Europe was not born in the early Middle Ages. No common identity in 1000 linked Spain to Russia, Ireland to the Byzantine empire (in what is now the Balkans, Greece and Turkey), except the very weak sense of community that linked Christian polities together. There was no common European culture, and certainly not any Europe-wide economy. There was no sign whatsoever that Europe would, in a still rather distant future, develop economically and militarily, so as to be able to dominate the world. Anyone in 1000 looking for future industrialization would have put bets on the economy of Egypt, not of the Rhineland and Low Countries, and that of Lancashire would have seemed like a joke. In politico-military terms, the far south-east and south-west of Europe, Byzantium and al-Andalus (Muslim Spain), provided the dominant states of the Continent, whereas in western Europe the Carolingian experiment (see below, Chapters ) had ended with the break-up of Francia (modern France, Belgium and western Germany), the hegemonic polity for the previous four hundred years. The most coherent western state in 1000, southern England, was tiny. In fact, weak political systems dominated most of the Continent at the end of our period, and the active and aggressive political systems of later on in the Middle Ages were hardly visible.

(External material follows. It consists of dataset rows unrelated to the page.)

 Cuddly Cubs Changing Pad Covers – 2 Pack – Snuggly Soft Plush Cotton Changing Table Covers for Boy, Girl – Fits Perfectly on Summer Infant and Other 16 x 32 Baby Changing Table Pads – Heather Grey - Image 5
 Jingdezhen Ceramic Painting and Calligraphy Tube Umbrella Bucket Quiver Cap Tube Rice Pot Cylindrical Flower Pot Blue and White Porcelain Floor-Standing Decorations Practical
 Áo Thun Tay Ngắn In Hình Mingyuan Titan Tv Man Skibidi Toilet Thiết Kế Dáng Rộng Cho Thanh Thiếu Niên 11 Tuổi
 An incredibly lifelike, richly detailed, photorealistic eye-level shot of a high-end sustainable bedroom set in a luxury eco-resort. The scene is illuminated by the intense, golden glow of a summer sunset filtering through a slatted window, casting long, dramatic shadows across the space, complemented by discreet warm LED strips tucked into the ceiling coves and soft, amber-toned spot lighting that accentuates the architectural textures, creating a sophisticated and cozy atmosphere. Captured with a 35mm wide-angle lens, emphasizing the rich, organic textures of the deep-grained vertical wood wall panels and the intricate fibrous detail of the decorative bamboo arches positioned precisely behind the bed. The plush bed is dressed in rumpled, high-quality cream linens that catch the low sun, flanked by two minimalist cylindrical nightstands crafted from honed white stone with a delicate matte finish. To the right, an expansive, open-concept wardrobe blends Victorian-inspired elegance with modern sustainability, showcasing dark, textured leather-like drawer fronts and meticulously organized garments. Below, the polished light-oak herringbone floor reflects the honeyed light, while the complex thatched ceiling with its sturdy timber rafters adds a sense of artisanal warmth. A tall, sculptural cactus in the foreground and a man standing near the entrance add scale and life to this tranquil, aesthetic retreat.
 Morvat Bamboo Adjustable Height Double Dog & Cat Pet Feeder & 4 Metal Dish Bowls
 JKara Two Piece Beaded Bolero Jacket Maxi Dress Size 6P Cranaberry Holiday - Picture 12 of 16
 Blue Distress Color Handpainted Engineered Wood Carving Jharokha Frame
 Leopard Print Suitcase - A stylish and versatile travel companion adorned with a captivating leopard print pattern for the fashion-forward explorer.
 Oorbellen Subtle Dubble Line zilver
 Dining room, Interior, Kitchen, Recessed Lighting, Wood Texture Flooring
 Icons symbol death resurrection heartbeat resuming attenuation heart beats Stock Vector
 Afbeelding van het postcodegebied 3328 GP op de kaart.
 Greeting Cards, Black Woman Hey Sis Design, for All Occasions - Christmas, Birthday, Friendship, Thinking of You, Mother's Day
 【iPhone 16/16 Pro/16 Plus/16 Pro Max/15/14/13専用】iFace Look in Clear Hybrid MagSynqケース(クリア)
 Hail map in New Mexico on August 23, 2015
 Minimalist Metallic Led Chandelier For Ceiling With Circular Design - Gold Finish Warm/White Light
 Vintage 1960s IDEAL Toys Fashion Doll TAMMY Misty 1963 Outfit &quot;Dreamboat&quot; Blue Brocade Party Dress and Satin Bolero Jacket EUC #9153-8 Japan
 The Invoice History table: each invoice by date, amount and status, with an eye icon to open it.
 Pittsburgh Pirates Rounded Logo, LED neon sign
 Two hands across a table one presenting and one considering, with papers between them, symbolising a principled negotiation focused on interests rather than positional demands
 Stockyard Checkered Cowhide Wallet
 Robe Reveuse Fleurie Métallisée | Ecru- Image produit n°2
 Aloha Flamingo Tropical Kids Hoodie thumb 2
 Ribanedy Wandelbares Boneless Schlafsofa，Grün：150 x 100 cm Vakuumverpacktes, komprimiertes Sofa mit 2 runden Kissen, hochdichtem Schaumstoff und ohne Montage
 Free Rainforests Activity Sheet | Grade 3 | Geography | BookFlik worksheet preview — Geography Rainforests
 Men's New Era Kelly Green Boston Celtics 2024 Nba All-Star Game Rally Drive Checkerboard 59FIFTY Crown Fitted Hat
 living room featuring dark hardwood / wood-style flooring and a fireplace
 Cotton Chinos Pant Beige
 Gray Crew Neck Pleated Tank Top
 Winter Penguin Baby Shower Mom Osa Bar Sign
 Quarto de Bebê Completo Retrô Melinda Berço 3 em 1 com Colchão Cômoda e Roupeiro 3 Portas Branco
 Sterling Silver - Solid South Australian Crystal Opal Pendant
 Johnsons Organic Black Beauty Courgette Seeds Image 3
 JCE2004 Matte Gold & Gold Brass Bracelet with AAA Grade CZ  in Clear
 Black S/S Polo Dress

National identities, too, were not widely prominent in 1000, even if one rejects the association between nationalism and modernity made in much contemporary scholarship. We must recognize that some such identities did exist. One can make a good case for England in this respect (the dismal years of the Danish conquest in the early eleventh century produced a number of texts invoking a version of it). Italians, too, had a sense of common identity, although it hardly reached south of Rome (of course, that is pretty much still true today), and did not lead to a desire for political unity. Geographical separation, such as that provided by the English Channel and the Alps, helped both of these, as it also did the Irish, who were capable of recognizing a version of an Irish community, however fragmented Ireland really was. In the parallel case of Byzantium, what gave its inhabitants identity was simply the coherence of its political system, which was much greater than any other in Europe at that time; Byzantine national identity has not been much considered by historians, for that empire was the ancestor of no modern nation state, but it is arguable that it was the most developed in Europe at the end of our period. By contrast, France, Germany and Spain (either Christian or Muslim) did not have any such imagery. The Danes may have had it, but in Scandinavia as a whole there is good evidence for it only in Iceland. The Slav lands were still too inchoate to have any version of identity not specifically tied to the fate of ruling dynasties. And, as will be stressed often in this book, a common language had very little to do with any form of cultural or political solidarity at all. The image of the birth of Europe, and the birth of the great bulk of the later nations of Europe, is thus in our period not only teleological, but close to fantasy. The fact that there are genealogical links to the future in so many tenth-century polities is an interesting fact, but of no help whatever in understanding the early Middle Ages.